Unutma Gitsin

Buket
Türkçe Yayın
Published in
2 min readMay 29, 2021
https://unsplash.com/photos/6fbX_qHQCP8

Ne çok şarkı var, ne çok şiir uğruna. Ne çok gözyaşı akıtılıyor adını andıkça… Herkes tatmıştır , aşkı da nefreti de. Korkmayın itiraf edin hadi.

Unutmak, terk edilenlere mi bahşedilmiştir sadece? “Hayır.” değil mi? Ben duyabiliyorum unutmaya mahkum edilmişlerin sesini. Gidenin, olanın ama ruhu çok uzaklarda yaşayanın ve gelmeyenin uğruna hangimiz gözyaşı akıtmadık ki?
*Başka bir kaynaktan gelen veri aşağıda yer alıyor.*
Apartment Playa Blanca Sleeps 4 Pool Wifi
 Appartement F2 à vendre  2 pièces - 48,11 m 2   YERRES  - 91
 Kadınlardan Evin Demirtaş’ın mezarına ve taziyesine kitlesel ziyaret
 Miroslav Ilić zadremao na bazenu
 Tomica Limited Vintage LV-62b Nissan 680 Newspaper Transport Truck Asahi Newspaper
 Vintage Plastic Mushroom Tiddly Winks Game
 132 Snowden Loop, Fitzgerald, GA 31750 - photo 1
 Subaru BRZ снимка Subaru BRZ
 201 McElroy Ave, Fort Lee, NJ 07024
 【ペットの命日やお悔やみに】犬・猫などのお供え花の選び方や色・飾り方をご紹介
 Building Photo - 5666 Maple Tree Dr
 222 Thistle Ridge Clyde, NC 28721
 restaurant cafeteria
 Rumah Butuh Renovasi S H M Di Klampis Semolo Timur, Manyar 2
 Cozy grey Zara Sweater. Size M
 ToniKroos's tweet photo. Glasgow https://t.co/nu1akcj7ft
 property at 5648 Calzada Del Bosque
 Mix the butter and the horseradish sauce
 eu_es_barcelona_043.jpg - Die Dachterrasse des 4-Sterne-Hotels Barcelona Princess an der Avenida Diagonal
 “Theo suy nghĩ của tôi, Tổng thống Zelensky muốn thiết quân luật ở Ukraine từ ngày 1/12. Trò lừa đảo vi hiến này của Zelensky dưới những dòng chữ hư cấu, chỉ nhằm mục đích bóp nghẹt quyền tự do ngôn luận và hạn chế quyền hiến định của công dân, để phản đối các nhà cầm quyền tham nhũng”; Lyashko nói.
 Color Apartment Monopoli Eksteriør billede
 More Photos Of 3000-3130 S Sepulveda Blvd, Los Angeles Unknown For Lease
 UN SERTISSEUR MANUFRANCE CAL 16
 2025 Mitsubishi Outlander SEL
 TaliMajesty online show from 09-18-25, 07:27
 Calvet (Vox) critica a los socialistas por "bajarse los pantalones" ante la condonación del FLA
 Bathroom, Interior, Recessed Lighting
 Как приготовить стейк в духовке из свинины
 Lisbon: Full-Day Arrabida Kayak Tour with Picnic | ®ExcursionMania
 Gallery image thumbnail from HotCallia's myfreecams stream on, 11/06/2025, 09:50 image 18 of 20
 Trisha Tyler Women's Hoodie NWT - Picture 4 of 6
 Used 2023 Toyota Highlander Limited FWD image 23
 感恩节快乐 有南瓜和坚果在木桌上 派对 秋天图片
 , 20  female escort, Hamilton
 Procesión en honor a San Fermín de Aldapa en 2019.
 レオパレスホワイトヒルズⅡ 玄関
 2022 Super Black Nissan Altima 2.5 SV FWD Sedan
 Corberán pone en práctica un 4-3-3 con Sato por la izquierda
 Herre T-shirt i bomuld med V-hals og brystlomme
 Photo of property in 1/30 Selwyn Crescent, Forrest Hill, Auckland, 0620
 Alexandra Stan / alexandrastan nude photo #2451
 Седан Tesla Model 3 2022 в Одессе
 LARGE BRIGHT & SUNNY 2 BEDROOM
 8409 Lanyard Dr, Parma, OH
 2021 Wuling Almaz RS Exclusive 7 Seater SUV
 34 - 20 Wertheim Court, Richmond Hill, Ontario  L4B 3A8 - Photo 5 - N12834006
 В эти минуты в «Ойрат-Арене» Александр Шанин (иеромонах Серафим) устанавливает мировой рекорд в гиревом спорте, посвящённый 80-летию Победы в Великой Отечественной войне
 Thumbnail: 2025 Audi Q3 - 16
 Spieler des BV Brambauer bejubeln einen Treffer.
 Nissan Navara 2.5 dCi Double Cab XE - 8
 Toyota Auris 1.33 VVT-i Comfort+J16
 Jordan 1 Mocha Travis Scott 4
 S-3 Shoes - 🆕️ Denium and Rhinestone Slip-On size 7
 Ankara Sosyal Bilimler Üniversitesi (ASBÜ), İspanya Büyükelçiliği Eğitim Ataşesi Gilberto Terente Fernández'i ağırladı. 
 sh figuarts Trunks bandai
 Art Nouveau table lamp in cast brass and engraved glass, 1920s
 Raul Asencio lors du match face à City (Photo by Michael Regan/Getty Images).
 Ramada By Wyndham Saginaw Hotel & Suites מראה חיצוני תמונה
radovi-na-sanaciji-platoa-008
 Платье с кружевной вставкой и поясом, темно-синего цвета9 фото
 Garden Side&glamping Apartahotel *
Güneşin bir türlü doğmak bilmediği sabahlarımız olmadı mı?

Zordur unutması peki neden mecbur insanoğlu buna? Değil miyiz yoksa? Her yaşanmışlık beraberinde hüznü getirir. Mühim olan bu hüznün bize neler getirdiği değil, bizden neler götürdüğüdür belki? Güvenebilme yetini aldıysa bu hüzün , fedakârlıklarına karşı kalbine bencilliği hatırlattıysa, işin özü umuda ve iyiye dair tüm inancını çaldıysa, unutmak tek seçeneğin olmuştur artık. Ama o paramparça olmuş aynanın kırılış anlarını değil, o parçaların battığı yerlerdeki acıları unutmak farz olmuştur.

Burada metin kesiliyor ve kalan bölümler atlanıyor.